For whatever reasons, termination of the standard gauge railway (SGR) at Naivasha was indeed premature as it should have gone all the way to Malaba or Kampala to maximise its cargo payload potential. A couple of weeks ago, the heads of state of Kenya and our neighbouring countries to the west agreed that transit imported cargo will be picked from the new Naivasha SGR Inland Container Depot(ICD) instead of Mombasa port.
Although it was expected that the transit cargo importers would accept to use Naivasha ICD as soon as it was completed, it has not happened that quickly. It has taken the intervention of Covid-19 crisis to prompt the heads of state to make it happen - one of the hundreds of situational changes that the virus has forced or persuaded the world to have to make.
From Mombasa to Kampala, and vice versa for the return journey, it has been a nightmare for Kenya and Uganda authorities to control the Covid-19 virus spread. Picking the cargo from Suswa, the exact location of the ICD, reduces transit distance by 552km, and this will significantly reduce inherent transit virus risks, not only for the drivers but also for communities along the highway.
However, the SGR company should not take this newly approved endorsement to use the ICD for granted. The SGR competitors are road transport companies who have argued that it is cheaper to haul transit cargo by road. And these companies can exert political pushback.
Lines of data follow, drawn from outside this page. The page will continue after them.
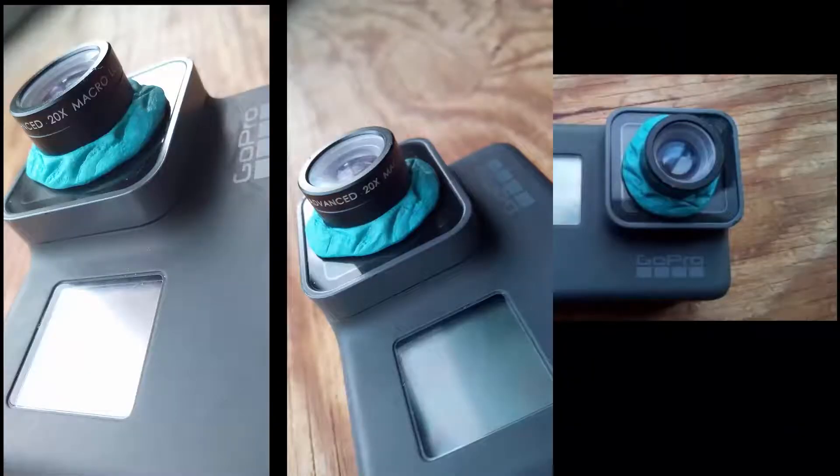Today is a GoPro hack for the GoPro Hero 5 Black, which is what I have. As you can see on screen, I've stuck an advanced 20 times macro lens on the front of my GoPro. If you set your video to 1080 and narrow, you will get full screen depiction. If you use any widescreens, you just get a light in the sensor with a black surround as if you were looking down a weird telescope. So this really only works on 1080 narrow.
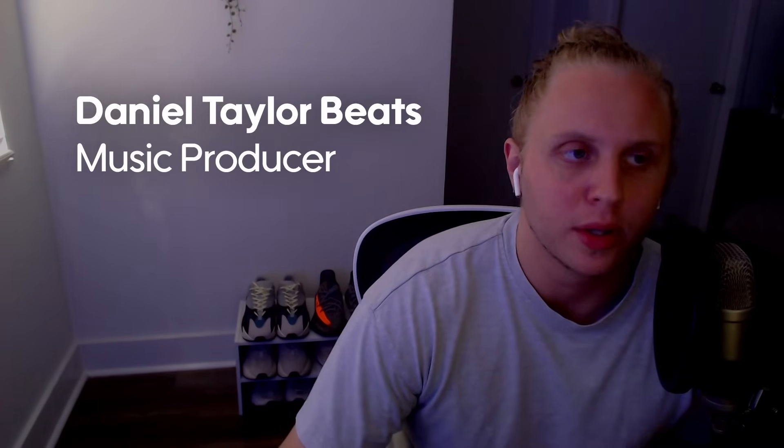Welcome back to the channel, it's Daniel Taylor with I Do Sounds. Today I'm going to be showing you a trick I use for my samples that will double your output and basically let you make two samples out of one. You can make samples quicker and speed up your workflow. The more samples you make, the more you can send out and the higher chance you have of getting a placement. This method helps you make more samples a lot faster without rushing or sacrificing quality.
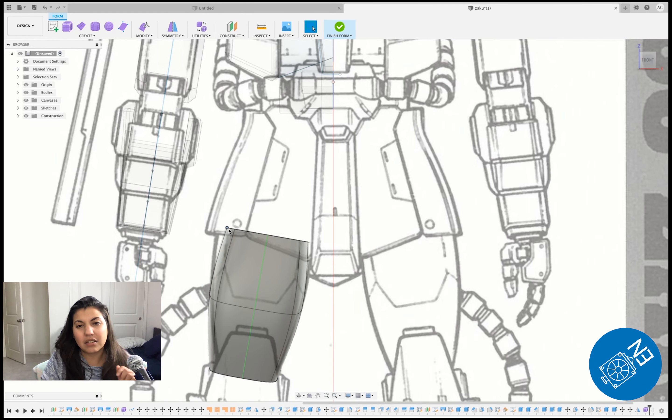Hey everybody, it's Everyday Nerdy here and we'll be working on Zaku's leg. The goal is to have his leg done in less than 20 minutes, so let's go.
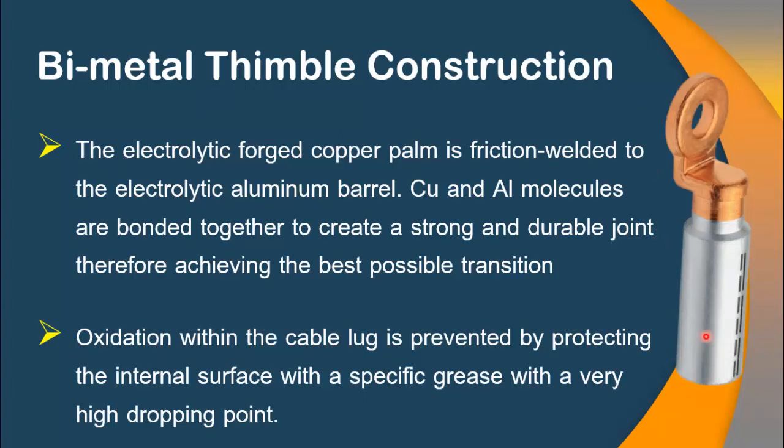For the solution of this particular problem, a special type of thimble has been introduced to the market, which is called a bimetallic thimble. This thimble is made up of two different metals: the barrel is made up of forged electrolytic aluminum, and the palm is made up of electrolytic forged copper. Both metals are friction welded to each other, bonding them together to create a very strong and durable joint, therefore achieving the best possible transition between these two metals.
The rail company will therefore need to demonstrate cost benefits for using Naivasha ICD, for indeed SGR transport systems anywhere in the world should be cheaper. And I am sure this was the base case assumption when SGR investment was conceived.
The SGR company should genuinely go out of the way to seek options for improving import transit economics so that as much as possible they are competitive with the road transport. That is why it was encouraging to hear that the government is planning to re-open for review the SGR contractual arrangements, which I presume will include both the financing and operating deals.
The Chinese partners I am sure will see the benefits of a realistic partnership based on cost structures that assure sustainable cash flows in the long term which is a basic investment principle and expectation. Re-negotiating with the Chinese to bring costs down is a must for SGR competitiveness and business sustainability.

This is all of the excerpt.